(AFP) - Bruxelles a ouvert mercredi un nouveau front contre un géant américain du numérique en annonçant une "enquête approfondie" sur Amazon, soupçonné d'enfreindre les règles européennes de concurrence en utilisant à son avantage les données issues des détaillants indépendants qui vendent sur son site.
"J'ai décidé d'examiner très attentivement les pratiques commerciales d'Amazon et son double rôle en tant que place de marché et détaillant, afin de vérifier si l'entreprise respecte les règles de concurrence de l'UE", a expliqué la commissaire européenne à la Concurrence, Margrethe Vestager, dans un communiqué.

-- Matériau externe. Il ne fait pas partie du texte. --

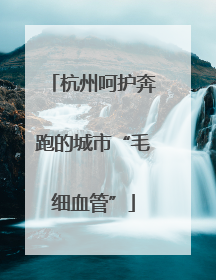 杭州呵护奔跑的城市“毛细血管”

La Danoise, dont les services ont enquêté sur Apple, Facebook, Google et déjà Amazon dans le passé, a été critiquée par le président américain Donald Trump, qui l'accuse de détester les Etats-Unis, pour avoir à plusieurs reprises infligé des amendes aux entreprises américaines.
"Nous allons coopérer pleinement avec la Commission européenne et nous continuerons à travailler dur pour soutenir les entreprises de toutes tailles et les aider à se développer", a réagi Amazon dans un communiqué.
L'entreprise américaine vend directement des produits sur son site internet, mais met également à disposition de vendeurs indépendants une place de marché appelée "Marketplace", sur laquelle ils peuvent vendre aux consommateurs.
"En fournissant une place de marché aux vendeurs indépendants, Amazon collecte en permanence des informations sur les activités exercées sur sa plateforme", explique la Commission.
L'ouverture de cette "enquête approfondie" fait suite à une enquête préliminaire débutée il y a plusieurs mois, qui a laissé apparaître que le géant américain du commerce en ligne utilisait "des informations sensibles sous l'angle de la concurrence" sur "les vendeurs, leurs produits et leurs transactions".
"L'ouverture d'une procédure formelle d'examen ne préjuge pas de son issue", précise la Commission. Les sanctions infligées par Bruxelles dans ce type de cas peuvent atteindre jusqu'à 10% du chiffre d'affaires.
Les revenus d'Amazon ont progressé de 31% en 2018, à 232,9 milliards de dollars (207,7 milliards d'euros). Son fondateur, Jeff Bezos, est aujourd'hui l'homme le plus riche du monde avec une fortune estimée à 164,8 milliards de dollars (147 mds d'euros), selon des pointages réalisés par le magazine Forbes et l'agence Bloomberg.
"Toute la question tourne autour des données" recueillies grâce aux petits détaillants qu'Amazon héberge, avait expliqué Mme Vestager en septembre dernier, lorsqu'elle avait annoncé l'existence d'une enquête préliminaire "sur un éventuel abus de position dominante".
Amazon pourrait ensuite exploiter ces données pour "faire ses propres calculs", "voir ce que les gens veulent comme offre, et ce qui les fait acheter tel ou tel produit", avait-elle ajouté à l'époque.
"L'enjeu pour le monde numérique est important, car toute action de la Commission peut avoir un impact sur le +business model+ des géants du web, qui est fondé sur l'accumulation de données", a commenté Andrea Collart, de la société de conseil Avisa à Bruxelles.
Amazon est également sous le coup d'enquêtes des autorités de la concurrence allemandes, autrichiennes, luxembourgeoises et italiennes pour le même "double rôle" qui inquiète aujourd'hui Bruxelles.
"Nous sommes en contact et en coordination", a expliqué une porte-parole de la Commission. Et "nous sommes arrivés à la conclusion que ces enquêtes ne chevauchent pas la nôtre, puisqu'elles ne portent pas sur l'utilisation des données par Amazon."
L'office anti-cartel allemand a d'ailleurs mis fin mercredi à son enquête contre Amazon, qui s'est en échange engagé à modifier ses conditions d'utilisation.
Le géant américain avait déjà fait l'objet d'une enquête de la Commission, qui lui avait demandé en 2017 de rembourser au Luxembourg 250 millions d'euros d'avantages fiscaux indus.
Bruxelles a notamment infligé trois lourdes amendes au géant d'internet Google pour abus de position dominante sur son système d'exploitation pour smartphone Android (4,34 milliards d'euros), son comparateur de prix Google Shopping (2,42 milliards d'euros) et sa régie publicitaire AdSense (1,49 milliard d'euros).